Boivin c. R., 2020 QCCA 1219
[15] Le droit de garder le silence est un droit protégé par l’article 7 de la Charte canadienne des droits et libertés[7] et se fonde sur les doctrines de la règle des confessions et du privilège de ne pas s’incriminer[8]. L’exercice du droit au silence par un accusé ne doit pas lui être préjudiciable[9].
[16] Il en découle que le silence d’une personne détenue ou arrêtée, comme le souligne la Cour dans l’arrêt R. c. Lagacé, « ne peut lui être reproché pour servir de base à une déclaration de culpabilité ou plus simplement pour rejeter sa version, sauf en matière d’alibi, où le défaut de l’annoncer en temps utile peut en affecter la crédibilité »[10].
[17] La preuve du silence d’un accusé avant son procès est uniquement admissible dans des circonstances particulières, c’est-à-dire lorsque la poursuite établit « une pertinence réelle et une justification légitime »[11], « lorsque la défense soulève une question qui démontre la pertinence du silence de l’accusé »[12] ou encore lorsque ce silence devient un fait en litige[13].
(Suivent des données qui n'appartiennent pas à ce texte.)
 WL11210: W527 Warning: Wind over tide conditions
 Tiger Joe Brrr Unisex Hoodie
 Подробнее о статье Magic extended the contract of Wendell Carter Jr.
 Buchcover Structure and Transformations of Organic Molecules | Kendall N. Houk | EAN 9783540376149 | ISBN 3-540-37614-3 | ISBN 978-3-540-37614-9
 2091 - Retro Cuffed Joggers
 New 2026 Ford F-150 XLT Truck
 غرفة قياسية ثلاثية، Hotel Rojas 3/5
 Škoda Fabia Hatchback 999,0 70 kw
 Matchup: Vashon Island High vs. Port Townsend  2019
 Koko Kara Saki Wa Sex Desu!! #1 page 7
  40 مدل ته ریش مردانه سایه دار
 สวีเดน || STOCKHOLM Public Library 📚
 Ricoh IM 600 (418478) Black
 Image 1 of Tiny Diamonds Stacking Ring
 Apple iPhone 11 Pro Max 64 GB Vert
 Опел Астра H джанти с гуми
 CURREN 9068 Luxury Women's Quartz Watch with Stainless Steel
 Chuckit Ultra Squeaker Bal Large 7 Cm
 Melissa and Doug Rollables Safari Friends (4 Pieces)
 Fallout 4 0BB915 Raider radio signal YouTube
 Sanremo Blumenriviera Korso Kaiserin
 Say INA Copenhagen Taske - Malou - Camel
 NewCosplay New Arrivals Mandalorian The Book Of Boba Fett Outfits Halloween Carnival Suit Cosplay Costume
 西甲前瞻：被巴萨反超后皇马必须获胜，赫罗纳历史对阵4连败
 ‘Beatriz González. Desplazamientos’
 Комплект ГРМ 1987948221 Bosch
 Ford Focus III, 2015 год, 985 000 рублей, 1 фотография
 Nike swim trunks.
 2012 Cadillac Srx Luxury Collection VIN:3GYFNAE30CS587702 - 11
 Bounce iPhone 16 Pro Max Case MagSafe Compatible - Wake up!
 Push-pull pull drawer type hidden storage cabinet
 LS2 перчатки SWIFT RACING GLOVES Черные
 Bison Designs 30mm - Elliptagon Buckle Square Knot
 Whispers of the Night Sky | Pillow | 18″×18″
[18] Le droit au silence continue de s’appliquer même si l’accusé accepte de communiquer certains renseignements à la police. Comme l’énonce la Cour suprême dans R. c. Turcotte :
Une personne peut fournir certains, aucun ou la totalité des renseignements qu’elle possède. L’interaction volontaire avec la police, même si elle est engagée par l’intéressé, ne constitue pas une renonciation au droit de garder le silence. Le droit de choisir de parler ou de garder le silence demeure entier tout au long de l’interaction.[14]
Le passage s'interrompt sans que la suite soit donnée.